Historic Developments in Sudanese Airspace: AKINCI UCAV Shoots Down an Aerial Vehicle with an Air-to-Air Munition

A Baykar AKINCI UCAV shot down an aerial vehicle in Sudanese airspace. The ROKETSAN munition used is believed to be either the EREN or the SUNGUR.

The AKINCI drone shot down an aircraft in Sudanese airspace using Eren ammunition.

A Bayraktar AKINCI Offensive Unmanned Combat Aerial Vehicle (UCAV) from the Sudanese Air Force inventory shot down a twin-turbofan aerial vehicle using an air-to-air munition. The footage that emerged on social media and quickly garnered significant attention showed that unmanned aerial vehicles have now reached the capability to hunt not only ground targets but also moving manned fighter jets.

While it is assessed that the munition used was the ROKETSAN-made EREN loitering munition, experts have also suggested that it could be the SUNGUR air defence missile. Both munitions are among the domestic systems that can be integrated into the AKINCI platform.

Unmanned Dogfight in the Air: AKINCI vs. AKINCI

In a historic event that took place in recent weeks and which we also reported on, a Sudanese army AKINCI TİHA shot down another Ethiopian AKINCI in mid-air, again using EREN ammunition. For the first time in aviation history, a Turkish armed unmanned aerial vehicle was hunted down in a dogfight scenario by another Turkish platform.

There has been a serious tension between Sudan and Ethiopia over border security and water resources in the African geography for a long time. Both countries actively prefer Turkish defence industry products to modernise their armies. However, these recent unmanned air combats over the skies reveal a much deeper reality regarding the strategic balances in the region: Turkish weapon systems have become the standard striking power across almost the entire African continent today. However, countries with stronger diplomatic and strategic ties to Türkiye have faster access to advanced air-to-air munitions like EREN. It is clearly evident that even between two armies using the same platforms, absolute superiority can be created in the field thanks to differences in munitions and equipment.

100 km Range Hunter: Roketsan EREN Munition

Developed by ROKETSAN engineers, EREN stands out as a high-speed, smart loitering munition. The platform can loiter in the air for extended periods before reaching its target and performs surprise attacks by achieving high speeds upon detection. In firing tests conducted from the AKINCI, the system had already proven its high-precision direct strike capability from distances exceeding 100 kilometres.

Roketsan EREN Munition, Information Card
Roketsan EREN Munition, Information Card

Thanks to its advanced seeker head, the EREN munition autonomously tracks hostile aerial elements using radar and electro-optical systems. With this technological infrastructure, the system hunts enemy UAVs, helicopters, and other low-speed aerial targets with a high hit rate. A loitering munition fired from an unmanned aerial vehicle successfully striking a moving aerial target is considered a tremendous engineering achievement, both aerodynamically and algorithmically. This event confirms under real combat conditions how lethal and accurate EREN's guidance algorithms are.
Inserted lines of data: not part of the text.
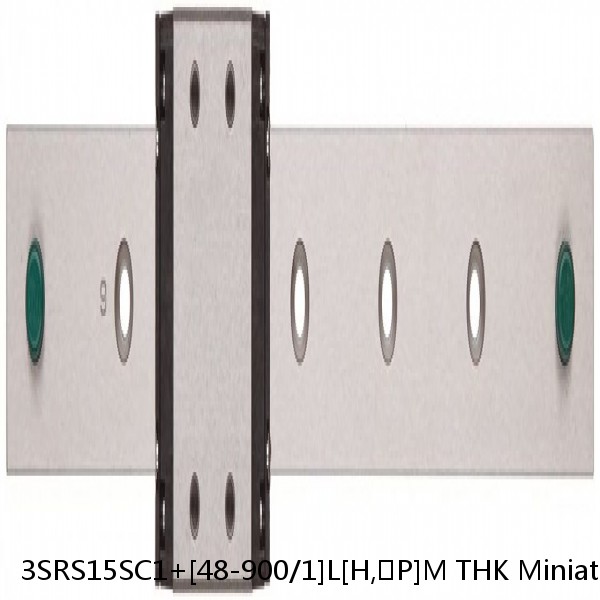 3SRS15SC1+[48-900/1]L[H,​P]M THK Miniature Linear Guide Caged Ball SRS Series #1 image
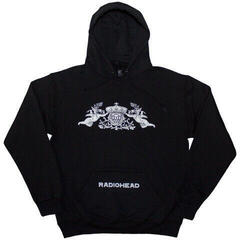 Hoodie Radiohead Bearhead Crest Black 2XL Hoodie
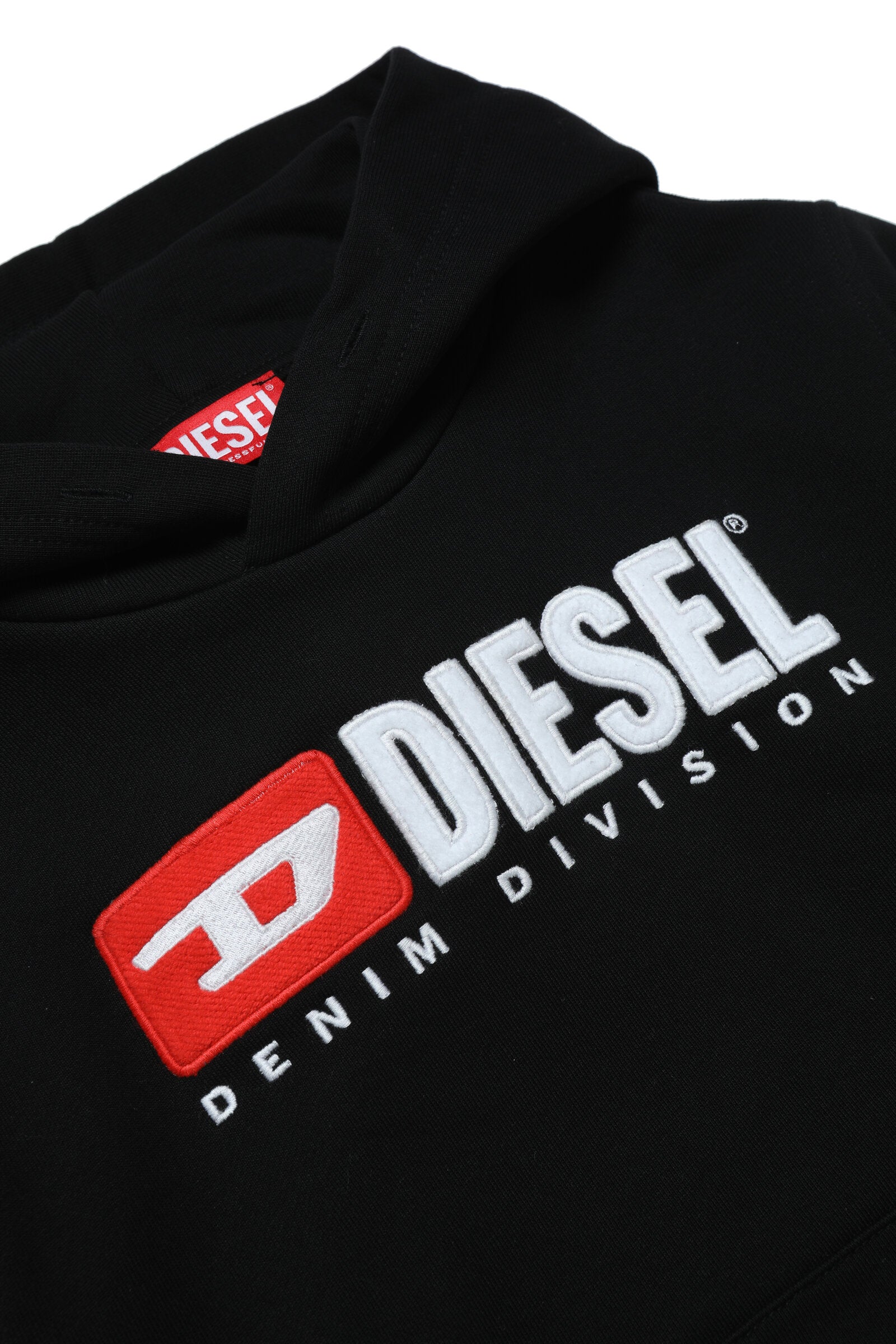P-TARY-DIV Man: Track pants with embroidered logo | Diesel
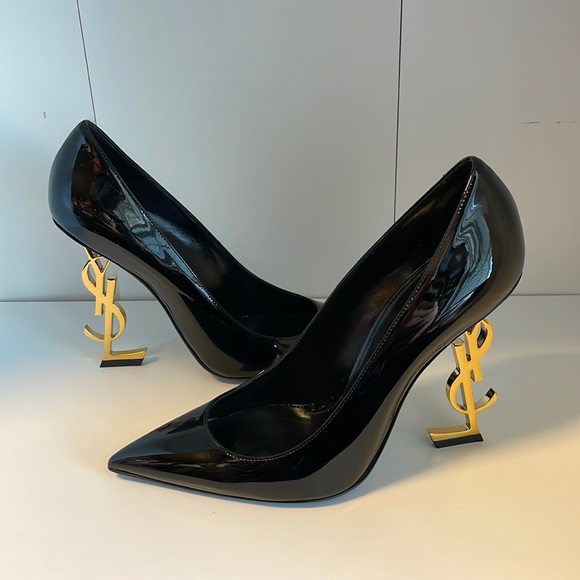 Saint Lauren Opium 110 heels. Size 39 - Picture 1 of 10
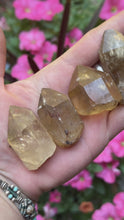 Load and play video in Gallery viewer, Large Raw Natural citrine from the Congo, NOT Heat Treated
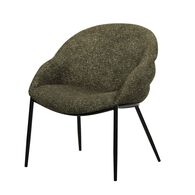 Cadeir&atilde;o PRIENE verde em tecido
Combat Doctrines Are Changing

These two consecutive events over African skies clearly show how rapidly warfare concepts are changing. The wars of the future will no longer be fought only between manned fighter jets but between hunting unmanned aerial vehicles and autonomous munitions. More importantly, unmanned systems now pose a lethal threat to manned fighter jets as well.

Bayraktar AKINCI / Erkan Alkanat
Bayraktar AKINCI / Erkan Alkanat

The successful destruction of first an AKINCI and then an aerial vehicle by the ROKETSAN EREN munition elevates the appeal and value of Turkish munitions in the global export market to its peak. In the future, countries purchasing the AKINCI or other Turkish UCAVs will inevitably also want to include smart munitions like EREN in their inventories to gain air-to-air capability. The Sudanese military emerging victorious from these aerial engagements back-to-back has proven to the entire world that munition diversity is as vital as the platform itself.

AKINCI's Record and Technical Infrastructure

Behind all these successes lies the impressive technical capacity of the AKINCI platform developed by Baykar. The AKINCI B version recently broke the altitude record for an aerial vehicle produced in Türkiye by reaching 40,000 feet. This altitude capability provides the platform with a unique operational advantage in both reconnaissance and strike missions. Capable of patrolling at high altitude, AKINCI, when combined with air-to-air munitions such as EREN or SUNGUR, transforms into an effective air-to-air hunter platform against both other UAVs and manned aerial assets. ROKETSAN General Manager Murat İkinci's naming of the EREN munition after martyr Eren Bülbül also reveals the emotional connection and national motivation behind this strategic system.